Nothing should be omitted: restate the full listing word for word.

= Dataset section =
_ _ _ _ _ _ _

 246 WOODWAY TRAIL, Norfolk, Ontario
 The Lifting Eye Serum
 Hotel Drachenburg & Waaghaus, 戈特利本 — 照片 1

_ _ _ _ _ _ _

= Solution =
 246 WOODWAY TRAIL, Norfolk, Ontario
 The Lifting Eye Serum
 Hotel Drachenburg & Waaghaus, 戈特利本 — 照片 1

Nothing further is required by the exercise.